PROBLEM TO WORK ON: Copy out the listing in full, exactly as written, but not its pictures.

RECORDS SUPPLIED:
= = =
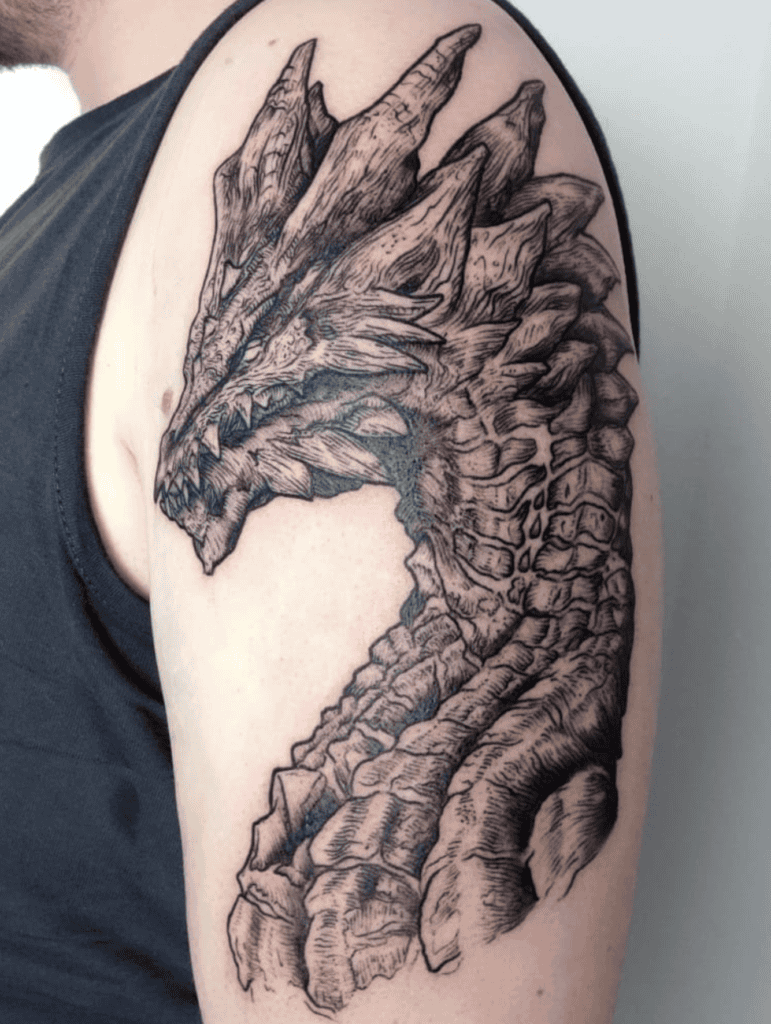 Kushala Daora Head Monster Hunter Tattoo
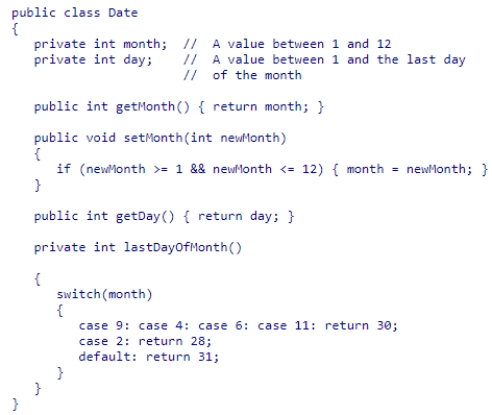 <strong>Consider the partial Date class below which represents a day of the year. What type of method is setMonth? </strong> A)mutator B)accessor C)constructor D)immutable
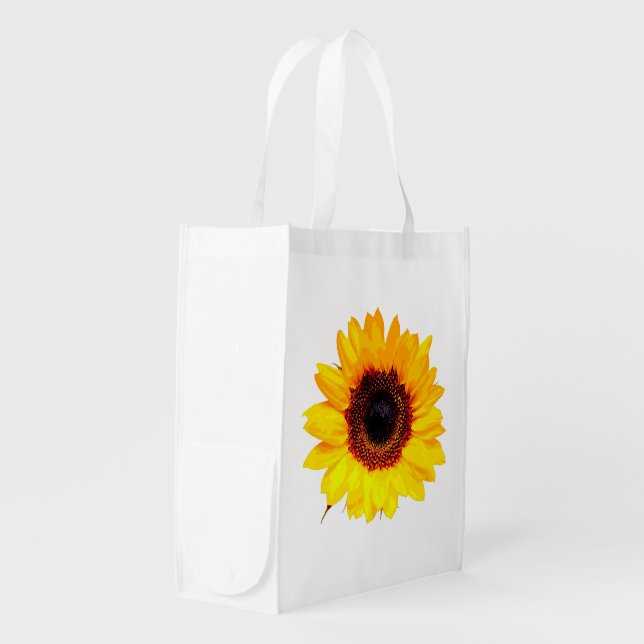 Only a Sunflower Blossom + your text & ideas Grocery Bag (Front Side)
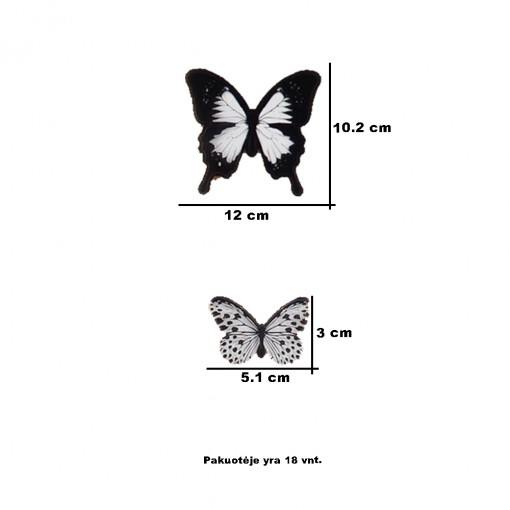 Balta / juoda 3D drugeliai Interjero dekoravimui 18 vnt.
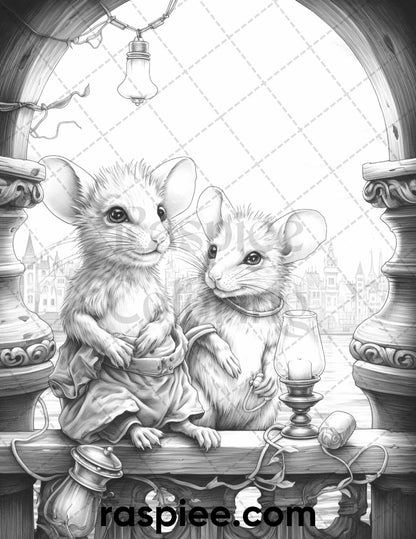 50 Enchanting Fairytale Mice Grayscale Coloring Pages Printable for Adults, PDF File Instant Download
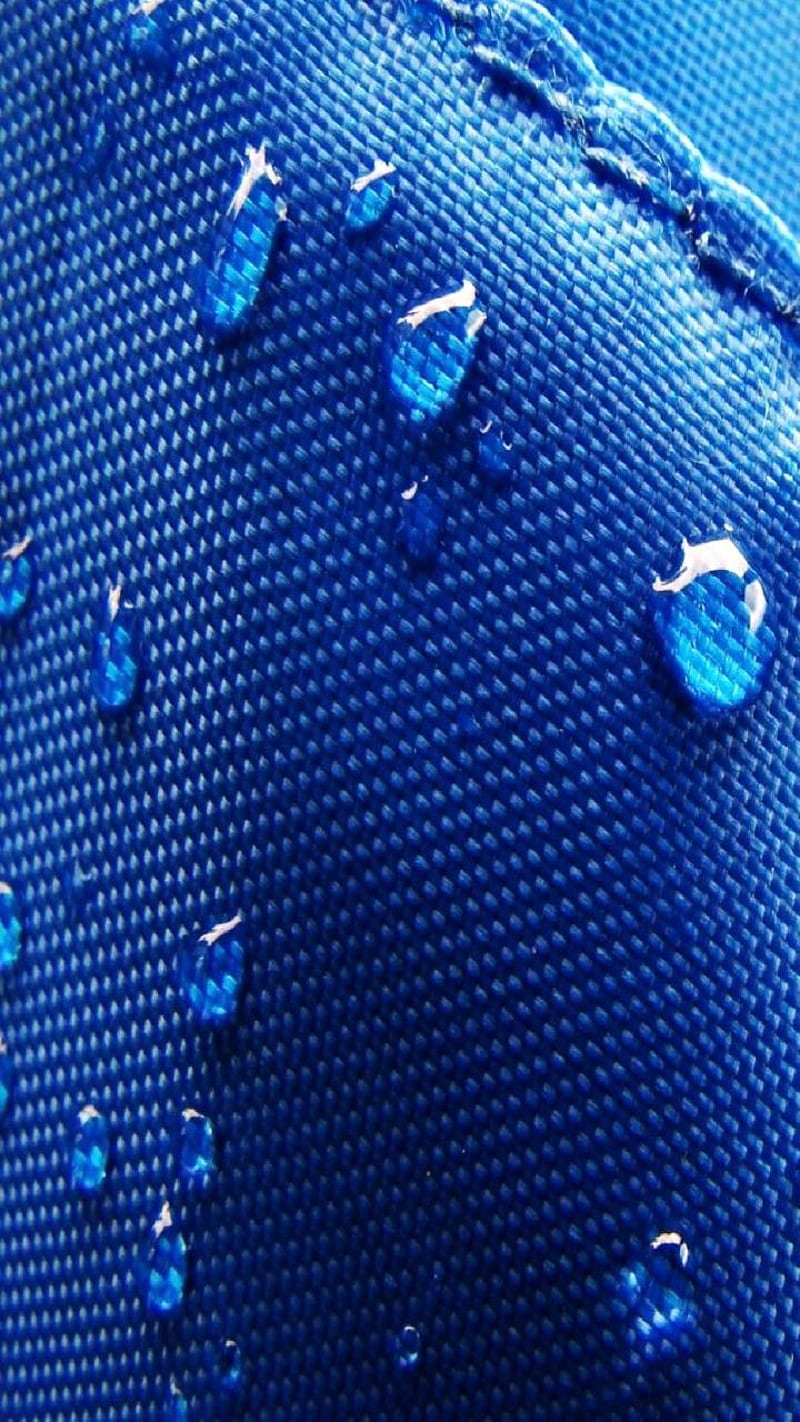 Rain drops, blue, blue background, water drops, HD phone wallpaper
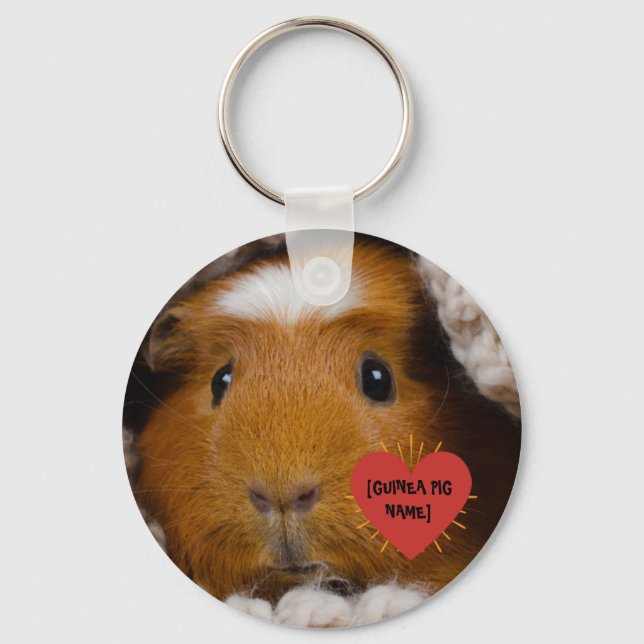 Personalised guinea pig owner photo keychain (Front)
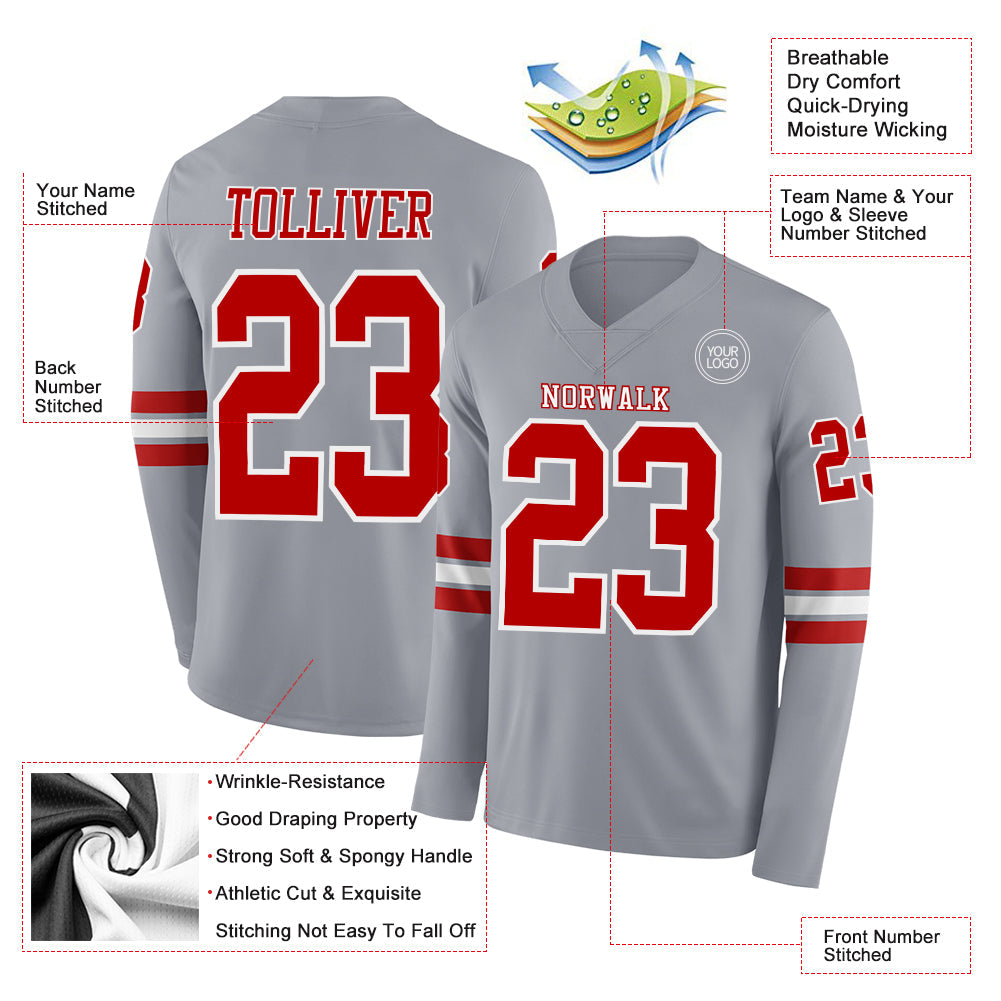 Custom Gray Red-White Long Sleeve Authentic Football Jersey view 2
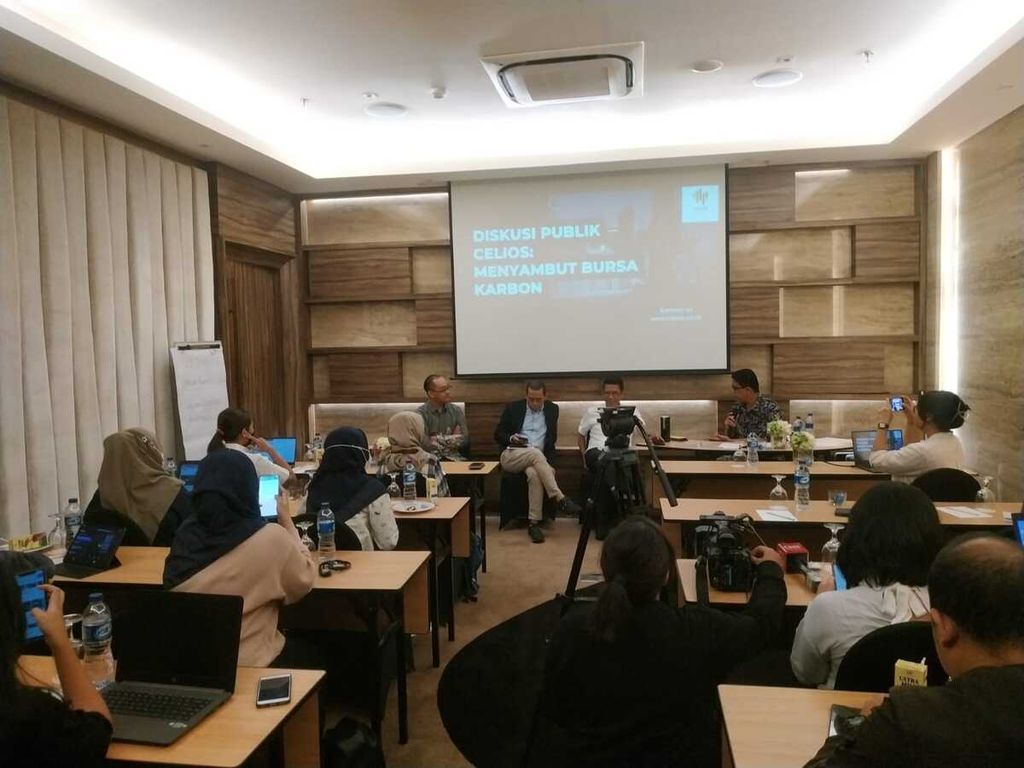 Diskusi bertajuk "Menyambut Bursa Karbon" di Jakarta Pusat, Kamis (11/5/2023).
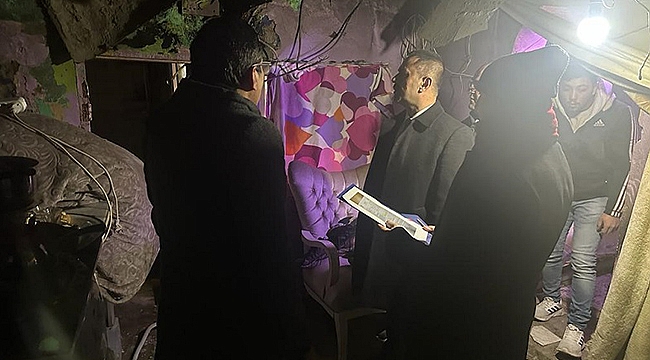 VALİ AKTAŞ' TAN EVİ YANGINDAN ZARAR GÖREN AİLEYE ZİYARET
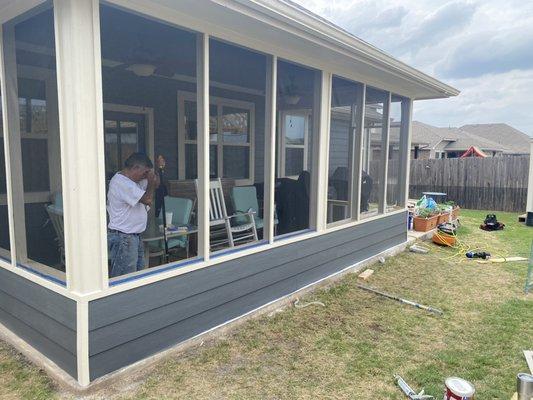 Screen in porch built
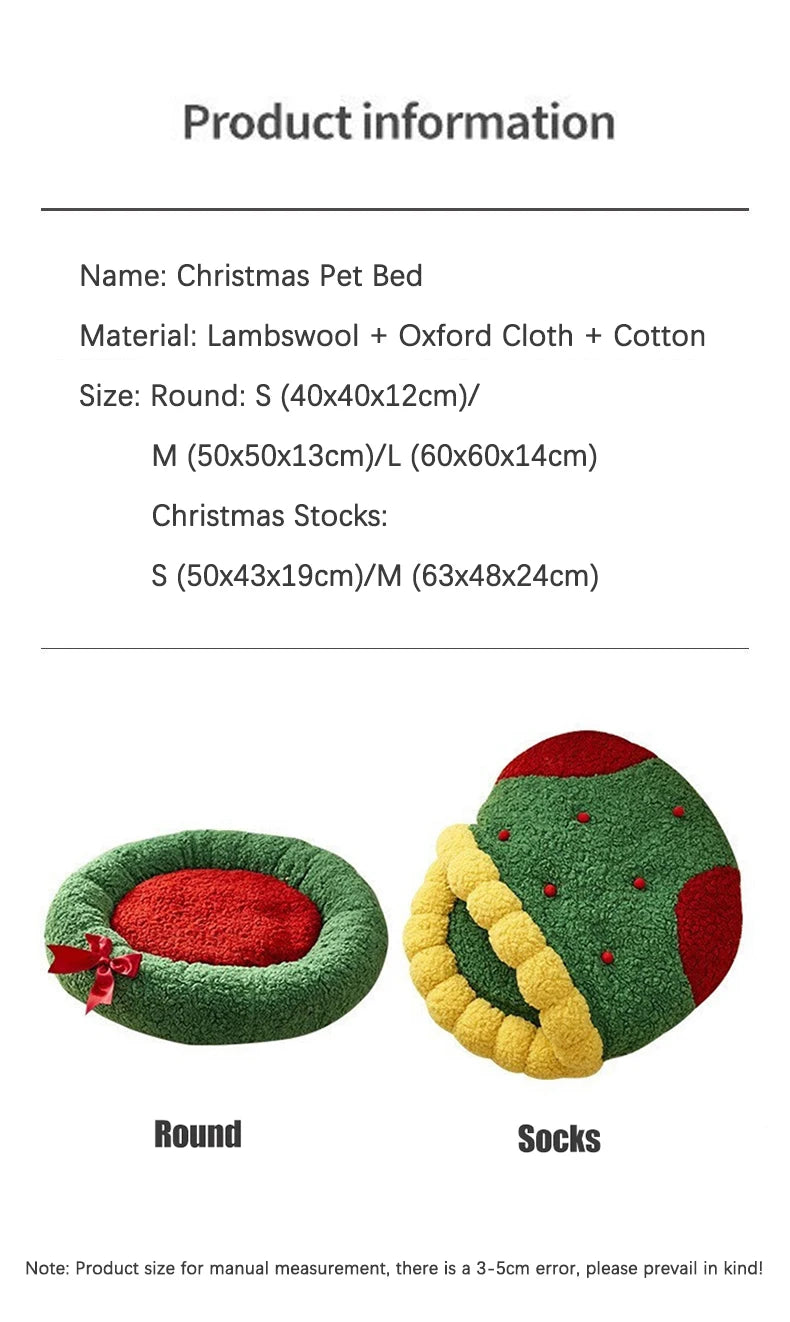 Christmas Sock Cat Sleeping Bag Thickened Semi Closed Winter Plush Warm Round Dog Beds with Detachable Pad Pet Indoor Furniture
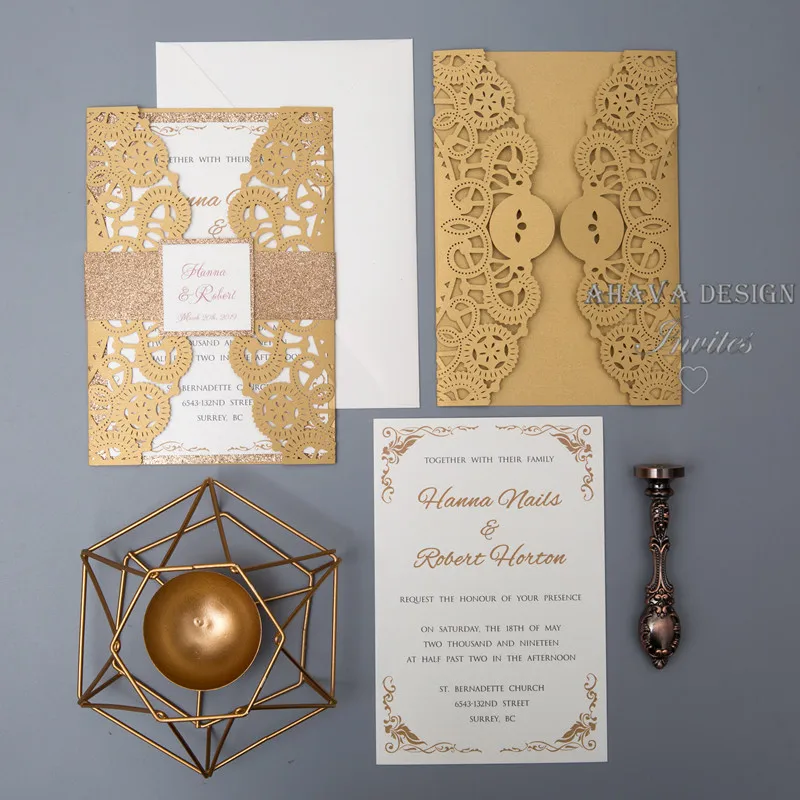 

Western Trails-Gold Laser Cut Wrap with Glittery Belly Band and Tag with Laser Cut Invitation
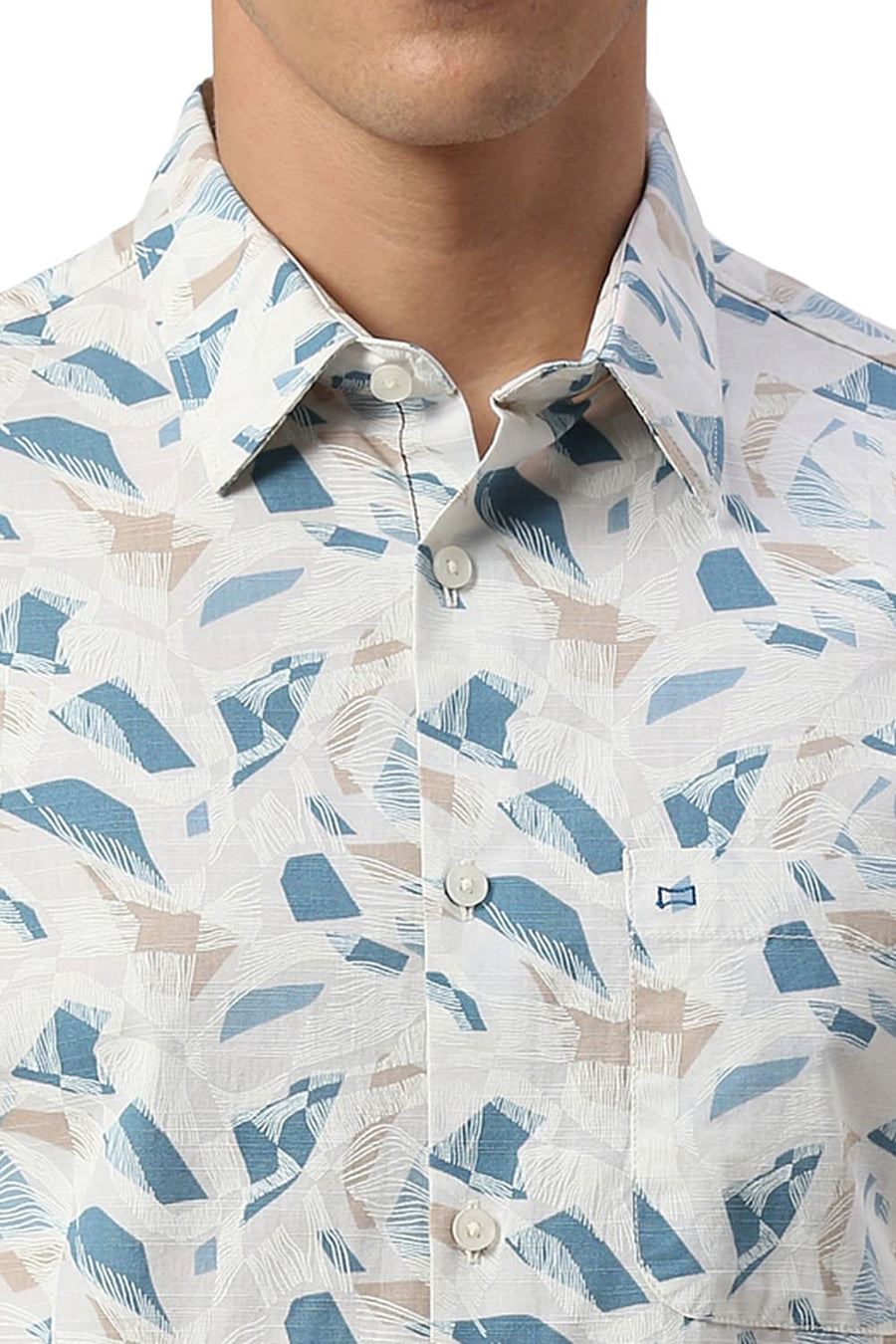 BASICS SLIM FIT SOYBEAN ECRU COTTON SLUB PRINTED HALFSLEEVES SHIRT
= = =
ANSWER SECTION:
 Kushala Daora Head Monster Hunter Tattoo
 <strong>Consider the partial Date class below which represents a day of the year. What type of method is setMonth? </strong> A)mutator B)accessor C)constructor D)immutable
 Only a Sunflower Blossom + your text & ideas Grocery Bag (Front Side)
 Balta / juoda 3D drugeliai Interjero dekoravimui 18 vnt.
 50 Enchanting Fairytale Mice Grayscale Coloring Pages Printable for Adults, PDF File Instant Download
 Rain drops, blue, blue background, water drops, HD phone wallpaper
 Personalised guinea pig owner photo keychain (Front)
 Custom Gray Red-White Long Sleeve Authentic Football Jersey view 2
 Diskusi bertajuk "Menyambut Bursa Karbon" di Jakarta Pusat, Kamis (11/5/2023).
 VALİ AKTAŞ' TAN EVİ YANGINDAN ZARAR GÖREN AİLEYE ZİYARET
 Screen in porch built
 Christmas Sock Cat Sleeping Bag Thickened Semi Closed Winter Plush Warm Round Dog Beds with Detachable Pad Pet Indoor Furniture

Western Trails-Gold Laser Cut Wrap with Glittery Belly Band and Tag with Laser Cut Invitation
 BASICS SLIM FIT SOYBEAN ECRU COTTON SLUB PRINTED HALFSLEEVES SHIRT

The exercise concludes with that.